Financial planning for business owners is different to that of employees because they have unique financial circumstances, and their financial success is usually dependent on growing the value of their company. This is evident in a number of areas.

Income

Business owners have a more variable income compared to employees who typically receive a fixed, predictable salary. A business owner’s income can fluctuate depending on the stage the business is at, the success of the business, economic conditions, and many other factors. This makes financial planning for business owners more challenging, with an ongoing need to be nimble and adaptive to changing circumstances.

Your financial plan should be capable of depicting how a potential change in the income you take from your company will impact your objectives all the way into retirement years.

Taxation

Business owners have more complex tax obligations and opportunities compared to employees. You have the benefit of having more control over how you take income and extract profits from the company, but with this comes a requirement for expert tax planning and a need for professional advice. This variability with regards to income and taking profits requires careful planning each year.

There is often a trade-off between taking more income and paying tax or reinvesting in the business and/or keeping reserves.
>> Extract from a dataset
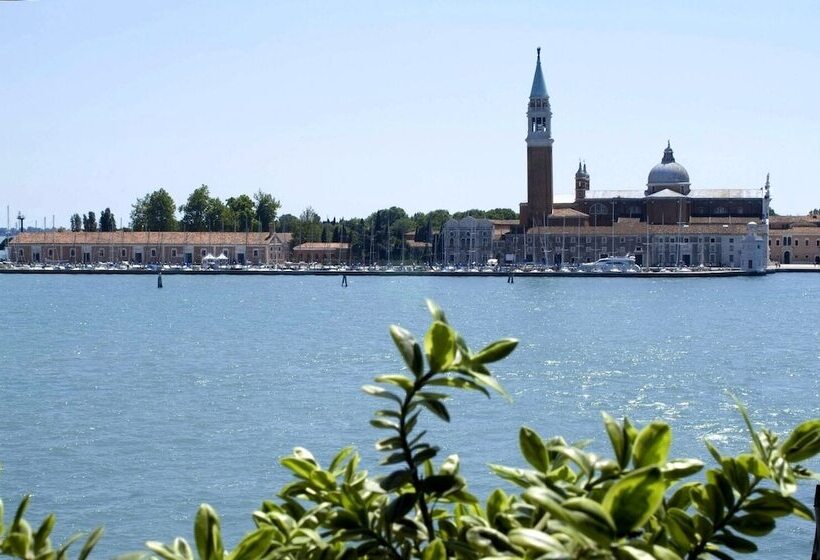 سوییت جونیور با چشم‌انداز دریاچه, Metropole Venezia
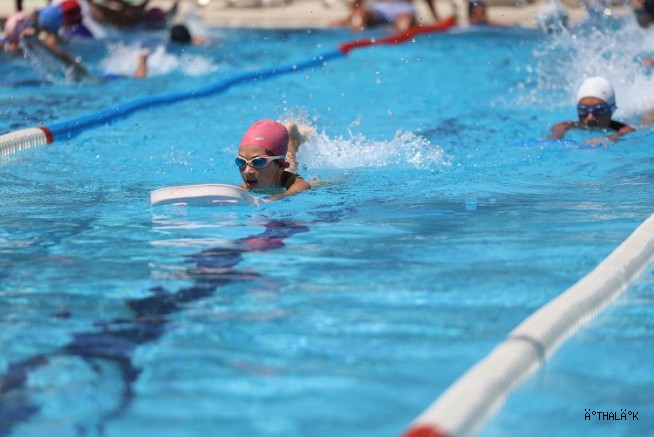 Minik Kulaçlar İkinci Dönemi Tamamladı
This trade-off decision needs careful consideration each year and is impacted by a range of factors including the future forecasted success of the business and your own personal financial requirements.

Retirement planning

Business owners need to plan for their long-term financial well-being, including their retirement and in the absence of anyone else to do it for them, need to put their own pension plan in place. For an employee, retirement planning most often refers to building a pension pot that provides an income in retirement. However, for business owners, retirement often means selling the company and realising the value that has been built up over time. Nonetheless, including an element of pension planning within the overall business exit plan provides opportunities to increase the tax efficiency of your exit and extraction of wealth from the business both before and at the point of sale.

If your plan includes availing of retirement or entrepreneurial relief, pension funding can ensure that you are extracting profit out of the business into your name, while also ensuring you are keeping the overall value of the business within the scope of these reliefs.

Investing

Having an investment plan in place ensures that when you have money to invest, for example at the end of the year when making a lump sum pension contribution, you already know where and how to invest it. Pension contributions should always be invested in line with your personal investment goals and your financial plan. A strategic and planned approach should be taken with all investment decisions.

This pre-planned and aligned approach ensures that common investment mistakes are avoided. It also provides a context within which so called ‘good opportunities’ being pitched by product providers can be assessed from your perspective, to ensure that your hard-earned money is invested in line with your objectives. Unfortunately, we often see business owners without an investment plan making a series of lump sum pension investments in quite an ad-hoc fashion. The investment decisions often have no real correlation with each other or with the personal financial objectives of the business owner, have high fees and management charges, and typically lack the diversification needed to manage risk over the long-term.

In most cases, financial planning for business owners is more complex and requires more expertise than that for employees. Savvy business owners benefit from working with a specialist investment professional, financial advisor or accountant who has the capability of assisting them in aligning their company investment strategies with their own personal financial plan.